# [WHAT YOU SHOULD DO]
The lines to transcribe run from the top of the material below to the line with "Knit and a Knot - Brandon, Amanda", inclusive. Leave the pictures behind.

[[ RECORDS FOR THIS EXERCISE, beginning ]]

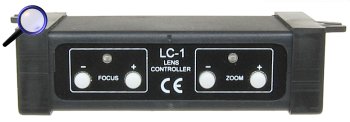 OBJECTIEFCONTROLLER LC 1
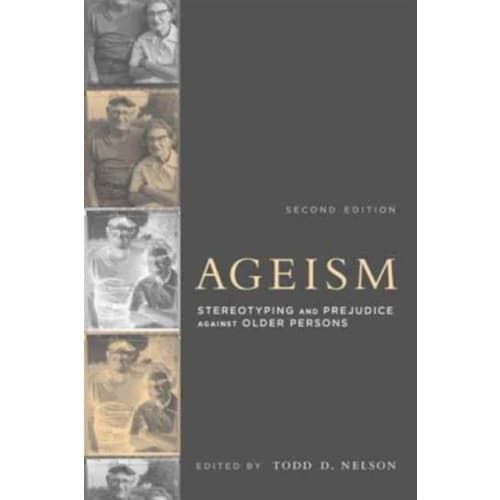 Ageism (häftad, eng)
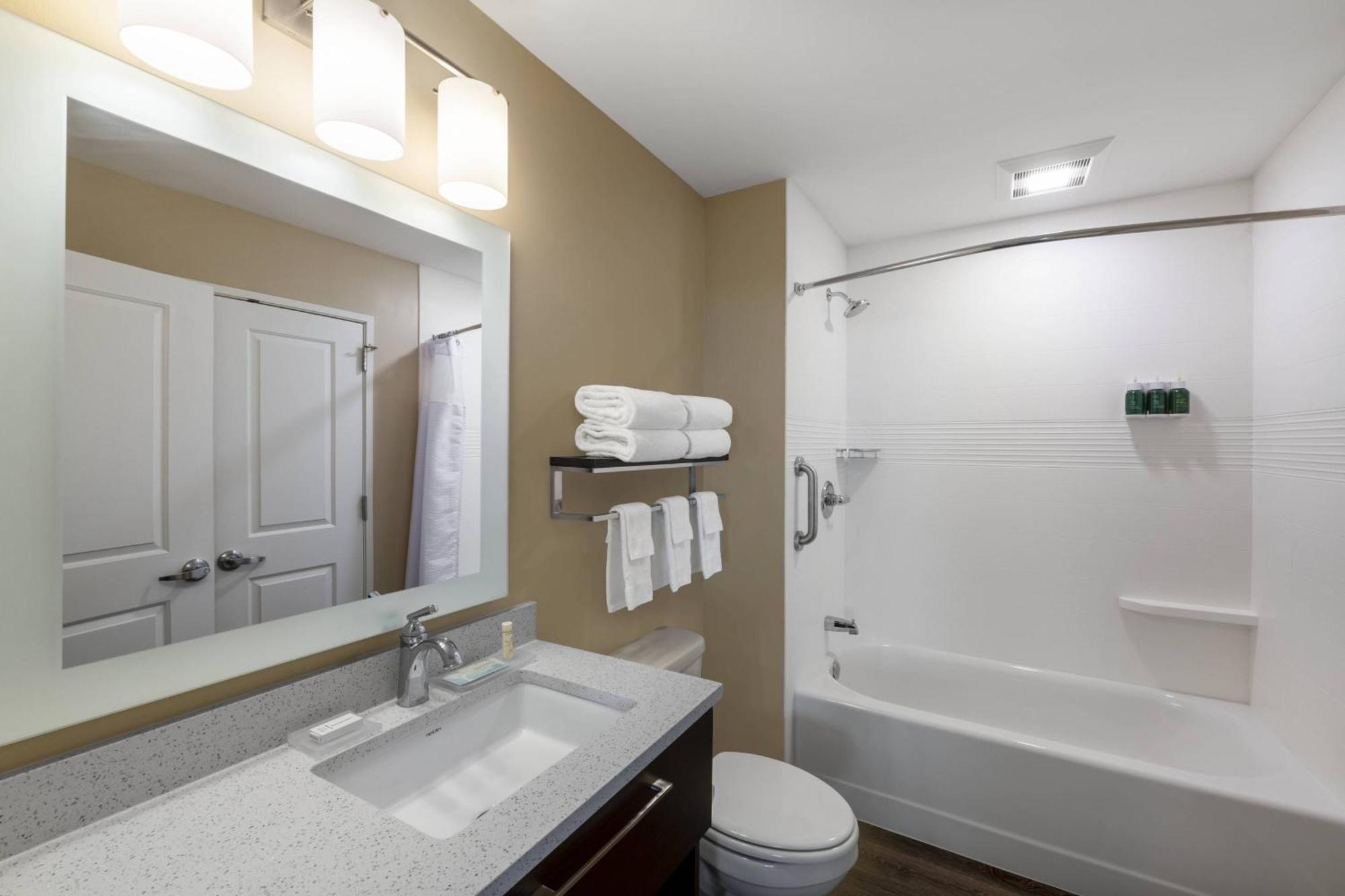 Towneplace Suites By Marriott St. Louis Edwardsville, Il Exterior foto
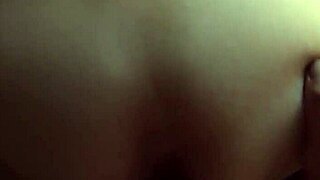 i enjoy neighbor milf's curvy ass in bedroom compilation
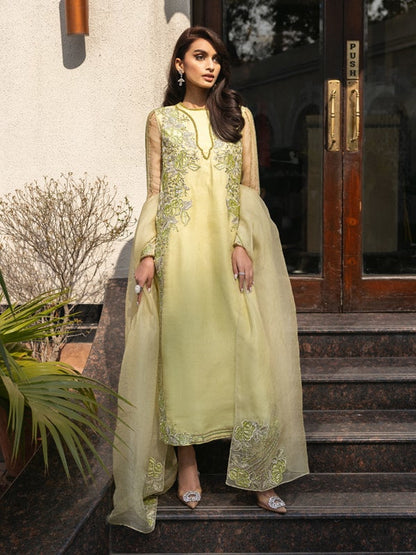 Caia | Mahiri Luxury Edit24 | ZEPHYR - House Of Anaya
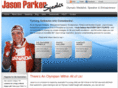 jasonparkerspeaks.com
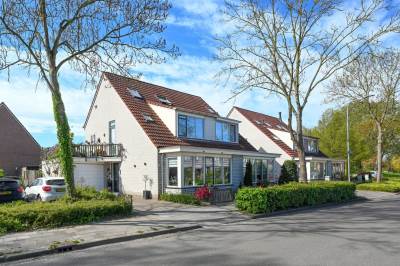 Woning Kloosterpoort 110 Grootebroek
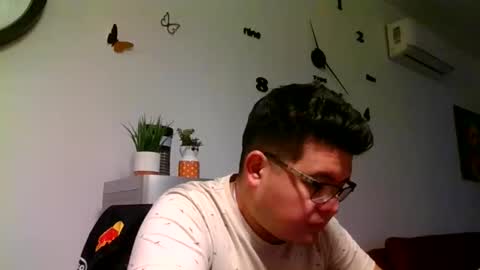 Nicky789 online show from 01-12-26, 04:18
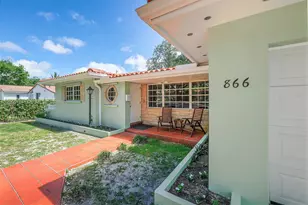 866 NE 99th St, Miami Shores, FL 33138 - Photo 4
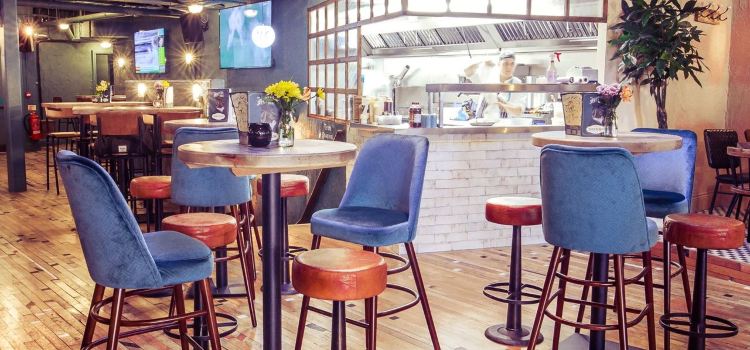 The Artful Duke Pub (Bromley)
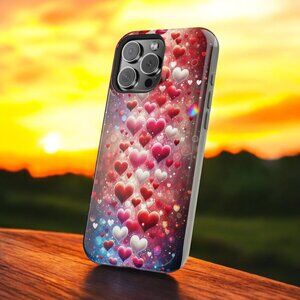 iPhone 15 phone case, MARPC1217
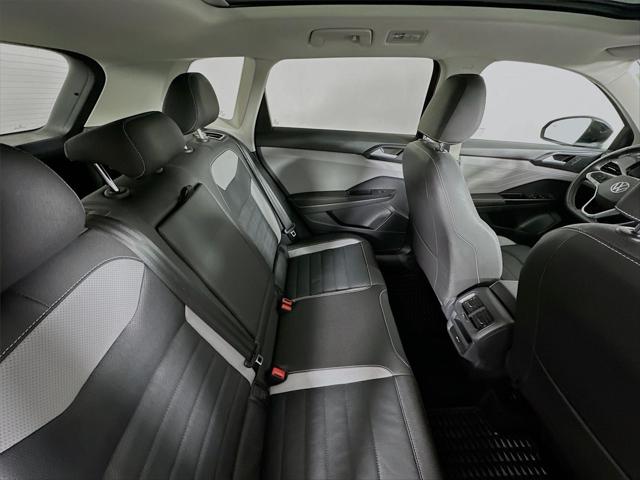 2024 Volkswagen Taos 1.5T SEL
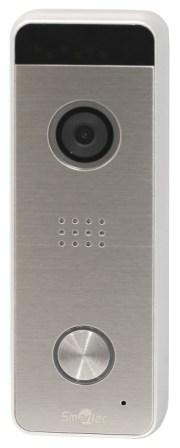 Новинка Smartec для СКУД – панель вызова домофона с AHD-камерой и 5 м ИК-подсветкой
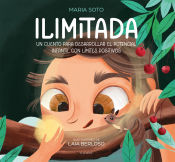 Portada de Ilimitada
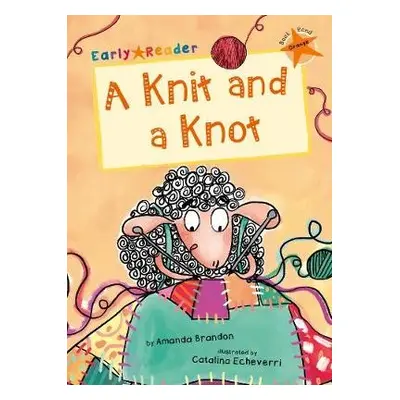 Knit and a Knot - Brandon, Amanda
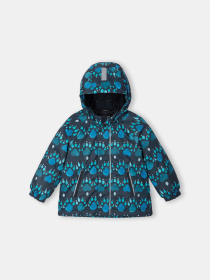 Комбінезон з утеплювачем REIMA модель 513127A_6985 Фото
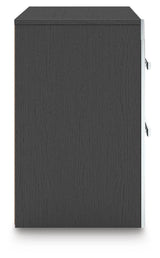Zuraleus Nightstand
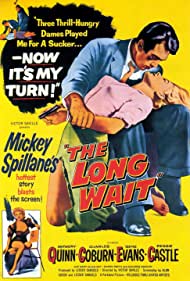 The Long Wait (1954) M4ufree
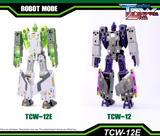 Transform Dream Wave TCW-12E Tidal Wave Upgrade Kit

[[ RECORDS FOR THIS EXERCISE, end ]]

# [ANSWER SPACE]
 OBJECTIEFCONTROLLER LC 1
 Ageism (häftad, eng)
 Towneplace Suites By Marriott St. Louis Edwardsville, Il Exterior foto
 i enjoy neighbor milf's curvy ass in bedroom compilation
 Caia | Mahiri Luxury Edit24 | ZEPHYR - House Of Anaya
 jasonparkerspeaks.com
 Woning Kloosterpoort 110 Grootebroek
 Nicky789 online show from 01-12-26, 04:18
 866 NE 99th St, Miami Shores, FL 33138 - Photo 4
 The Artful Duke Pub (Bromley)
 iPhone 15 phone case, MARPC1217
 2024 Volkswagen Taos 1.5T SEL
 Новинка Smartec для СКУД – панель вызова домофона с AHD-камерой и 5 м ИК-подсветкой
 Portada de Ilimitada
 Knit and a Knot - Brandon, Amanda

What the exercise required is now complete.